Participants added a range of other perspectives and experiences:
- "there aren't enough working class people here to justify" Bryn Mawr's bringing in a speaker about class issues
- casual comments by wealthier classmates reveal false assumptions that everyone has equal access to resources
- working class students should take on the challenge of taking roles as leaders
- there is no "working class club" on campus, no built-in support
- but how could such a club provide a support system AND be inclusive?
- there's "surprising acceptance and kindness" here, for students from poorer backgrounds
- "oh, no, you feel the difference in subtle ways"
- "to protect myself, I refuse to speak or form an opinion"

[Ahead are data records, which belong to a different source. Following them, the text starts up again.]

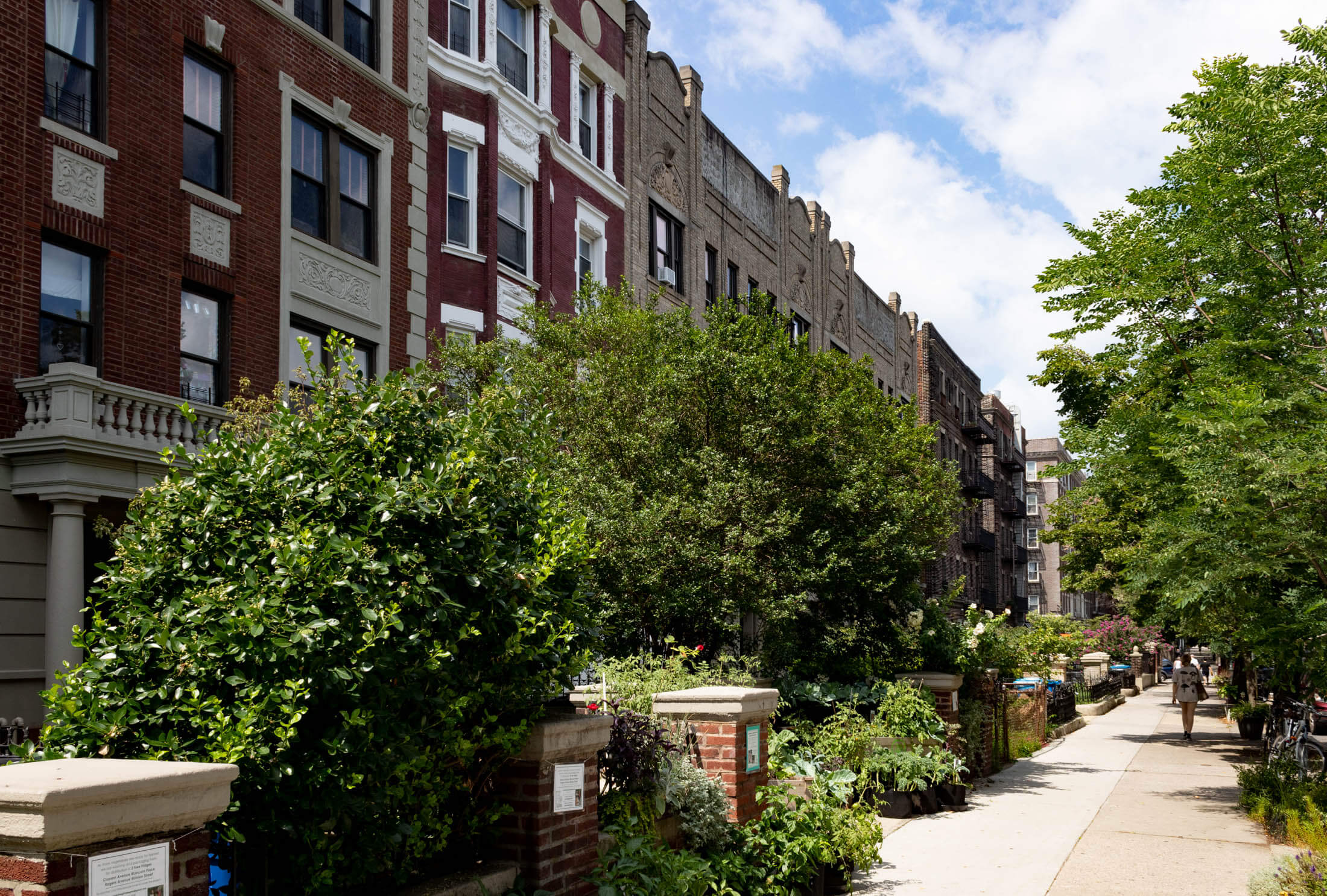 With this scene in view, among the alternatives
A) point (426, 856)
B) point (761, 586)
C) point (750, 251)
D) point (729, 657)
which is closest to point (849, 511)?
point (761, 586)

- but you can be an advocate without bringing in your own story
- there is a perception that "you should feel privileged to be here; why whine?"
- @ home, there is the potential embarrassment of not having a nice house; you can blend in better here, because everyone lives in the dorms
- racial identity is more visible than class identity
- "I was much too young and far too stupid to be in this conversation," about what it means to be from a "family with no expectations, only wishes"
- I found out that being successful is "not just about desire and hard work"
- there is a disconnect between what I have and hope to accomplish, and the lives and accomplishments of my family and friends
- it's "not sensitive" to refer (for instance) to an "Elizabeth Bennett moment," in a group of people who are not likely to have read Pride and Prejudice; the reference would not be a "bat in their bag"
- but how do you share without giving offense? you become guarded
- in the end, what matters is family, a common ground
- it's not about comparison, it's about understanding
- you become defensive of other people's differences, find yourself standing up for the sort of people you don't even talk to at home
- in an economics class, description of third world cultures doesn't acknowledge the humanity of the people involved; professors and students don't realize "how it sounds to people with that background"
- there are two things going on: economics and class
- "I'd prefer a vacation in Dorchester to one in the Hamptons"
- working class people have different cultural associations; these are positive features, as potential contributions to and extensions of Bryn Mawr's culture
- "I want to personally discourage you from trying to blend in"
- never hide, wear your own background as a badge of honor
- "it's all in the way you present yourself: speak the way you know how"
- you can speak differently to your grandmother than to your professor; you don't have to condescend
- don't be impressed by the rich
- but it's not that simple: Lubrano described college as the place, and education as the way, that blue collar becomes white collar.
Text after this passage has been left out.